## DATA TO PROCESS
============

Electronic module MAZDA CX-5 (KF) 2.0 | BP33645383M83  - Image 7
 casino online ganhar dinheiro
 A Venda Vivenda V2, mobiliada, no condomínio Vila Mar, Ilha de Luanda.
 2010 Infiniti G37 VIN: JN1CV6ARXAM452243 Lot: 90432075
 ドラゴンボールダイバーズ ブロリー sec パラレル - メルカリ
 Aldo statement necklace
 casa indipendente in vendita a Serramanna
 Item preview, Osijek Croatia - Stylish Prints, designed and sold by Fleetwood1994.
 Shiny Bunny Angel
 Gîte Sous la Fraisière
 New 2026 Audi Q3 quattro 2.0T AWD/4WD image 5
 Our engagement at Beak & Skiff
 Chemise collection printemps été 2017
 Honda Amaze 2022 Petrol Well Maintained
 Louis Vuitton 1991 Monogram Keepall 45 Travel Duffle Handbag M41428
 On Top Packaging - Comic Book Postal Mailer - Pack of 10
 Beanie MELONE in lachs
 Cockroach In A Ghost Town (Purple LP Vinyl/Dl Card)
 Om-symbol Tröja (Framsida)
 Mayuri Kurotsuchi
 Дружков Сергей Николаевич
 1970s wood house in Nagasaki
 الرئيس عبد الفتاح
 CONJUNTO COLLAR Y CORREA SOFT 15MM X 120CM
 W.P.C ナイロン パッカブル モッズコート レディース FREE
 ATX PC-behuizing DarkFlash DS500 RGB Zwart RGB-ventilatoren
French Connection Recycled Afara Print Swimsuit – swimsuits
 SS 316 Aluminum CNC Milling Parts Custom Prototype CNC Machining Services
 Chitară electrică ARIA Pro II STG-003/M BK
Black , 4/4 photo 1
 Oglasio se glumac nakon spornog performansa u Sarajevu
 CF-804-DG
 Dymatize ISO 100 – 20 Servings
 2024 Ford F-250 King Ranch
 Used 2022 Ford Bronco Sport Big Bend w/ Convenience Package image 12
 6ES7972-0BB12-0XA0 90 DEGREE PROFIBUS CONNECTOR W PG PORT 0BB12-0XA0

============

## WORK INSTRUCTION
Where in the entries above does the word "Ford" appear? Copy each line that has it.

## EXERCISE ANSWER
 2024 Ford F-250 King Ranch
 Used 2022 Ford Bronco Sport Big Bend w/ Convenience Package image 12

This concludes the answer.